Windows Clusters for SAP on AWS

This analysis takes a look at the design aspects of the Windows Server Failover Cluster as well as key aspects to keep in mind during deployments.

Sourabh Chordiya

Jul. 18, 23 · Analysis

Likes (1)

Comment

Save

4.7K Views

The SAP Enterprise customers have strict availability requirements and to meet these KPIs, architects look up to clustering solutions to meet the requirements. The Windows Server Failover Cluster (WSFC) is one such cluster solution. It's available as part of Windows Server Datacenter edition deployments. This makes it a default choice for setups that are using Windows Servers.

Note that the SAP HANA database is only currently released for Linux (SUSE and RHEL). Hence in such setups, the WSFC can be used for SAP Central Services (ASCS/SCS). For MS-SQL deployments, the WSFC is also used to provide high availability with SQL Always On.

In this article, we will go through the design aspects for WSFC and understand key aspects that shall be kept in mind during deployments.

WSFC Setup

WSFC setup has the following minimum components that shall first be accessible and corresponding administrators for each of the components shall be available.

A shared filesystem (FSx in AWS)
Windows Domain Controller
DNS
Windows FileShare Witness
Domain administrator permissions for SAP installation

Let us look at each one of these in detail.

Shared Filesystem

The "sapmnt" filesystem acts as one of the core components in SAP installations as it contains profiles, hosts SAP kernel binaries, and works in conjunction with cluster software to provide seamless failover capabilities. This is achieved using various implementations. Out of these preferred native mechanisms in AWS is to use FSx. It is basically a Windows Server-based scalable file storage that is provided by AWS in a SaaS model under the name of FSx. They are accessible using SMB (Service Message Block) protocol.

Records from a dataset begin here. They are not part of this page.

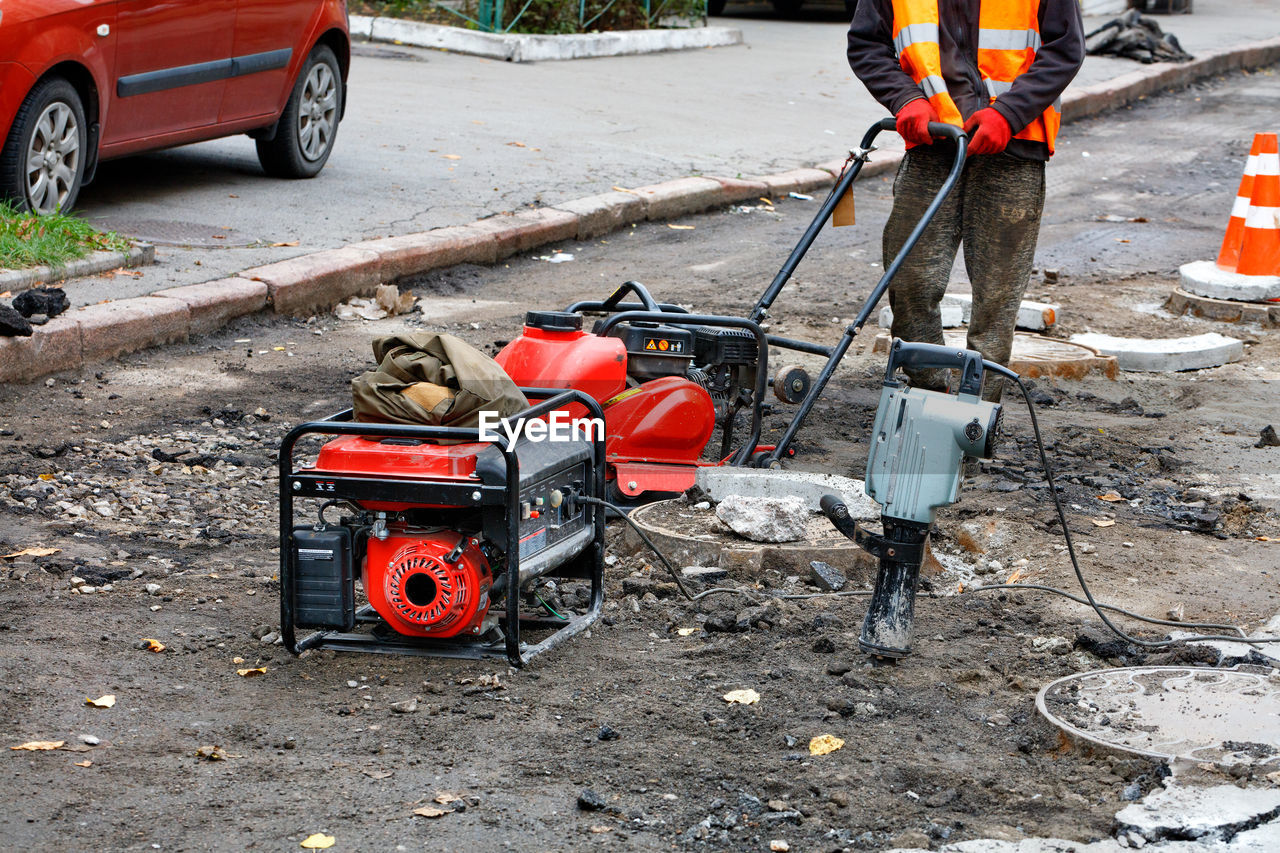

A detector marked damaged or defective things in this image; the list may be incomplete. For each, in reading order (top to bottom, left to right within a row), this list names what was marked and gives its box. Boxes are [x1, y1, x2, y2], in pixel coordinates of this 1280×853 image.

broken concrete slab [1177, 261, 1280, 303]
broken concrete slab [1064, 330, 1244, 371]
broken concrete slab [701, 466, 880, 517]
broken concrete slab [716, 494, 803, 540]
broken concrete slab [1116, 778, 1280, 840]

Remember that SAP only supports DNS names of up to 13 characters; hence, an additional DNS name (C-record) shall be created so that during SAP installation it can be provided which follows SAP naming convention and character limitations.

Windows Domain Controller

Windows Cluster is designed to work in conjunction with the domain controller. The Cluster Name Object (CNO) gets created in Active Directory itself using these domain controllers. It is usually an existing domain controller and an existing Active Directory that customers utilize. In the case of SAP on AWS, the administrator should clearly define these components and ensure that they are preferably located in AWS with a local copy to avoid latency problems. Typically there are multiple domain controllers to provide high availability and it should be understood clearly how this setup works as it may happen that cluster state is incorrectly reflected between multiple domain controllers which leads to inconsistencies. In case customers have both on-premise and AWS domain controllers, it is preferred that all configurations in WSFC are mapped to the AWS domain controller itself which in turn will get reflected in all domain controllers and also ensure that minimal latency exists between SAP servers and domain controllers.

DNS

The IP addresses are mapped to user-friendly names in a DNS, and it works with the domain controller and Active Directory Domain Services (AD DS) to provide the lookups. There is one important difference between Linux and Windows clusters here as to how the virtual IP address for a cluster is managed. This virtual IP is sometimes referred to as "Floating IP." In case Linux Clusters is implemented using Overlay IP, while in WSFC, the IP addresses from each cluster node are updated in DNS against the virtual cluster name, and the lookups for the virtual name are adjusted during a cluster failover. The update of DNS hence becomes a critical factor for end-users' access to the cluster, and in case this update is not reflected immediately for all end-users' machines, it can lead end users to see errors even though the cluster itself has failed over.

Windows FileShare Witness

Each cluster requires a quorum to determine and resolve a split-brain situation where both cluster nodes can end up in a racing condition to determine which one is the active node. An external device (in this case, FSx), resolves this situation by providing an external device that is part of the cluster and acts as a third node. Both the cluster nodes perform an IO operation on the witness device, and the 2 cluster nodes along with the witness device, making a total of 3 nodes, perform voting to decide an active node at any point in time. While the amount of IO is small, it is important that the latency and throughput are kept minimal for this IO operation, as it will happen every few seconds and any minor delays to this operation can lead the cluster to an unhealthy state.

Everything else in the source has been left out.